Nine special education teachers left their positions in Marion County and the school district is looking for teachers to fill these slots before the start of the school year.

A shortage of special education teachers has become an issue for schools nationwide. 5 News spoke with Gia Deasy, the administrative assistant of special services for Marion County.

"The special ed crisis has been ongoing, however, it has been exacerbated right now because of now there's a teacher crisis in general. So, like I said, we are looking at major need in the area of math and science and world languages.

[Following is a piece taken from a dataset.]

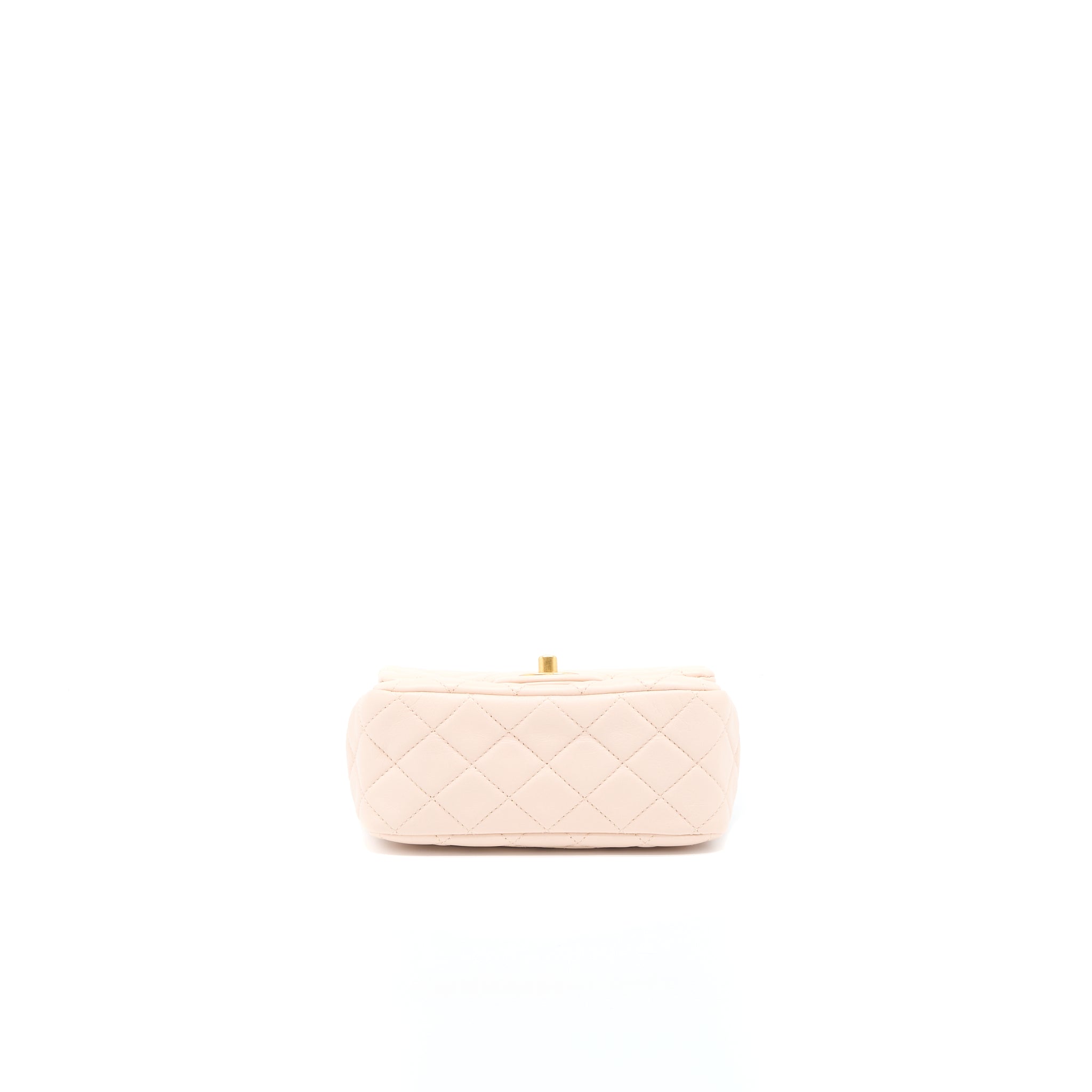 Chanel Pearl Crush Mini Square Lambskin Light Beige Brushed (Microchip)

With less and less teachers going into the field, special ed is hit hard once again," said Deasy.

Marion County experienced major turnover this past summer to pursue positions in other districts, to retire or to move to administrative positions.

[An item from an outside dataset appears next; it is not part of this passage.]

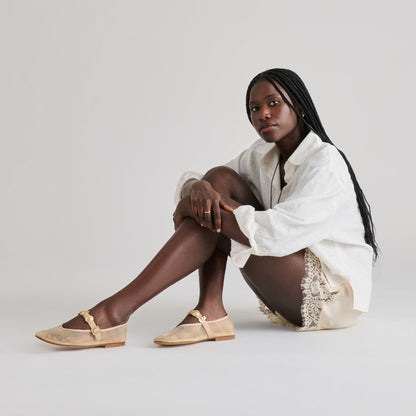 Relan French Vanilla Mesh Ballet Flats | Dolce Vita
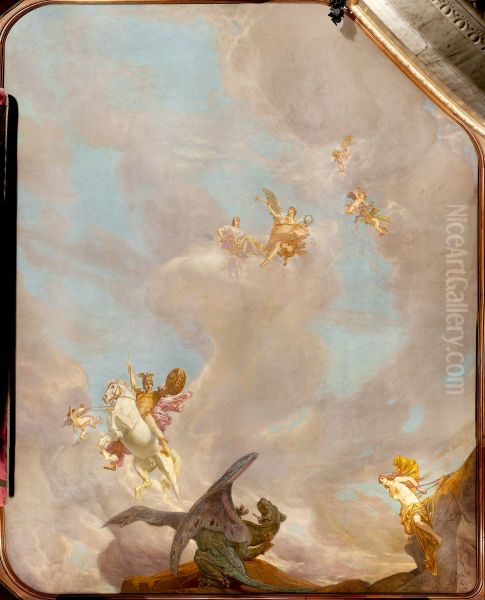 Perseus Releases Andromeda Oil Painting by Julius Johann Ferdinand Kronberg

Deasy says that the district is working to fill these spots as soon as possible.

"Getting those postings up in a timely manner so we can recruit in a timely manner. That is the main thing we do," said Deasy.

The special education department has done much more than just post the openings. Programs have been put in place to reimburse teachers who want get the certifications to teach special education. The district is also working with local universities to recruit soon-to-be teachers.

"We are spending more time on campus with the teacher training institutes so I have been spending a lot of time at Fairmont State University, offering some seminars, talking to teachers that are in the field or might be interested in the field," said Deasy.

Deasy said that while they hope the positions are filled by the next school year, principals have begun to work on a backup plan.

"We will have certified teachers in most of the positions. The positions that are unfilled will most likely be filled with substitutes who are completing their course work and that will give them an opportunity to finish their degree and then be hired on by us," said Deasy.

These issues are not just relegated to Marion County. Deasy said that many of the other counties throughout West Virginia are experiencing the same problems.